[Records excerpted from a collection]
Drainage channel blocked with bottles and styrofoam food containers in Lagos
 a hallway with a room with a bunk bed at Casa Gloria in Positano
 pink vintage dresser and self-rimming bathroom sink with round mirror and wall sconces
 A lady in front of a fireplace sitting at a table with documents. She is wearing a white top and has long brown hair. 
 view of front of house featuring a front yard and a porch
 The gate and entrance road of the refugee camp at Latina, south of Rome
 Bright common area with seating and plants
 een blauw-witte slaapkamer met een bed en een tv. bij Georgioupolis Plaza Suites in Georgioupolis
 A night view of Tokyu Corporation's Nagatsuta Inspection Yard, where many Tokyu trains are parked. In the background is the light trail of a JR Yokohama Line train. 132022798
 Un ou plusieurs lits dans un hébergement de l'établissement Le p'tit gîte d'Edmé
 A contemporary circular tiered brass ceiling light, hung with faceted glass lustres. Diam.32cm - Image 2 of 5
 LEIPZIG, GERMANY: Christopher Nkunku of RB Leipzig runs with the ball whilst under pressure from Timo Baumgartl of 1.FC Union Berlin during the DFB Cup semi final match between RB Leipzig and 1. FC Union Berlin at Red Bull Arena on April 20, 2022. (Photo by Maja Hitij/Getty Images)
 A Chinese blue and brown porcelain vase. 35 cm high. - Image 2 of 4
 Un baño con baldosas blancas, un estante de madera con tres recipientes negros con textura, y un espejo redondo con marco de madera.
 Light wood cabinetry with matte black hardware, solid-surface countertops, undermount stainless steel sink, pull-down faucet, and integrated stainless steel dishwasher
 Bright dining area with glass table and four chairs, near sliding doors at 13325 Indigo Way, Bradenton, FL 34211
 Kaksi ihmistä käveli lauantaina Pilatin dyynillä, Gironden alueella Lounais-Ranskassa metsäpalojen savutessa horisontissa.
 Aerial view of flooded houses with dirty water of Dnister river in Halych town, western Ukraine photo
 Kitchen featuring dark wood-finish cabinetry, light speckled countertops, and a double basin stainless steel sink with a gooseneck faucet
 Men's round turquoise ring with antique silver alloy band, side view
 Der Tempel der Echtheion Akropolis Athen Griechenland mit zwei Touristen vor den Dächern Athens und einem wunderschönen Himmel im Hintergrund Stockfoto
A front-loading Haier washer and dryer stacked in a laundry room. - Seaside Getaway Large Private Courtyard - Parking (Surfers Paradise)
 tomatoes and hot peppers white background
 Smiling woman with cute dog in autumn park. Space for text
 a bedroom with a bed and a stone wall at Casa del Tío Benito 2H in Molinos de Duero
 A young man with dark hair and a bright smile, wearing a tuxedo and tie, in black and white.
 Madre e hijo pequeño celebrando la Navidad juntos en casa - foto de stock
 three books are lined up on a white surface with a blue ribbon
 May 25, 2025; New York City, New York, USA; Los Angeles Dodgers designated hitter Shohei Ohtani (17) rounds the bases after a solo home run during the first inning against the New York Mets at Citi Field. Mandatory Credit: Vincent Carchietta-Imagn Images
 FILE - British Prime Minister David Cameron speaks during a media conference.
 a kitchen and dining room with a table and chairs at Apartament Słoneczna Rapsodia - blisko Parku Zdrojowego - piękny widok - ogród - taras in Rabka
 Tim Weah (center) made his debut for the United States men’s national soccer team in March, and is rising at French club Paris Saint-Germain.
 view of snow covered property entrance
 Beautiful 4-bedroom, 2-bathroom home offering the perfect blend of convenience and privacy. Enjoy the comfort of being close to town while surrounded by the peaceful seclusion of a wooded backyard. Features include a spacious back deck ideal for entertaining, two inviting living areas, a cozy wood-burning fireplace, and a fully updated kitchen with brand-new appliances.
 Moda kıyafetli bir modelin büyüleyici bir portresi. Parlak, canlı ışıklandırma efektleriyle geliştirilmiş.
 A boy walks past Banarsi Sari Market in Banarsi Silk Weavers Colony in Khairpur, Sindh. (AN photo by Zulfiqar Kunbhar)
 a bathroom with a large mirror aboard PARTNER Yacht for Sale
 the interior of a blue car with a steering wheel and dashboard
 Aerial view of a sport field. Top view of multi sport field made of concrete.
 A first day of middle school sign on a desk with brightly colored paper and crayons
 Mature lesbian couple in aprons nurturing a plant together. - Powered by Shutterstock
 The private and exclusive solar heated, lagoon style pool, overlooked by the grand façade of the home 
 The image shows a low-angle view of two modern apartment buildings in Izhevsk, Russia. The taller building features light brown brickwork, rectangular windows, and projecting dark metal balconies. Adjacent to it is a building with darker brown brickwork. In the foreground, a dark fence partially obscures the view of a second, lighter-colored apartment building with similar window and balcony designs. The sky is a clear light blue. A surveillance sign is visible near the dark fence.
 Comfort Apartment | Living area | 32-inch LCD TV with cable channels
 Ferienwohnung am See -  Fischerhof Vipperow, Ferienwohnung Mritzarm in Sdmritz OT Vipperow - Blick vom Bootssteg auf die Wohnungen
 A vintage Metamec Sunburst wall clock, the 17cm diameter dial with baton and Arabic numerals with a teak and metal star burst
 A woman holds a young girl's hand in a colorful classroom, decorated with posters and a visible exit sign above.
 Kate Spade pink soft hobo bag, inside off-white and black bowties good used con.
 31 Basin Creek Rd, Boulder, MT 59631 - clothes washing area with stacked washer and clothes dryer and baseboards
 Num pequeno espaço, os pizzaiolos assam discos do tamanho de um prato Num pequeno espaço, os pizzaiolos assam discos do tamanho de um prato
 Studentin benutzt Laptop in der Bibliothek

▸ TASK OBJECTIVE
In exact wording, restate the lines of the data above from the first through the one holding "Light wood cabinetry", and stop after that line.

▸ WRITTEN ANSWER
Drainage channel blocked with bottles and styrofoam food containers in Lagos
 a hallway with a room with a bunk bed at Casa Gloria in Positano
 pink vintage dresser and self-rimming bathroom sink with round mirror and wall sconces
 A lady in front of a fireplace sitting at a table with documents. She is wearing a white top and has long brown hair. 
 view of front of house featuring a front yard and a porch
 The gate and entrance road of the refugee camp at Latina, south of Rome
 Bright common area with seating and plants
 een blauw-witte slaapkamer met een bed en een tv. bij Georgioupolis Plaza Suites in Georgioupolis
 A night view of Tokyu Corporation's Nagatsuta Inspection Yard, where many Tokyu trains are parked. In the background is the light trail of a JR Yokohama Line train. 132022798
 Un ou plusieurs lits dans un hébergement de l'établissement Le p'tit gîte d'Edmé
 A contemporary circular tiered brass ceiling light, hung with faceted glass lustres. Diam.32cm - Image 2 of 5
 LEIPZIG, GERMANY: Christopher Nkunku of RB Leipzig runs with the ball whilst under pressure from Timo Baumgartl of 1.FC Union Berlin during the DFB Cup semi final match between RB Leipzig and 1. FC Union Berlin at Red Bull Arena on April 20, 2022. (Photo by Maja Hitij/Getty Images)
 A Chinese blue and brown porcelain vase. 35 cm high. - Image 2 of 4
 Un baño con baldosas blancas, un estante de madera con tres recipientes negros con textura, y un espejo redondo con marco de madera.
 Light wood cabinetry with matte black hardware, solid-surface countertops, undermount stainless steel sink, pull-down faucet, and integrated stainless steel dishwasher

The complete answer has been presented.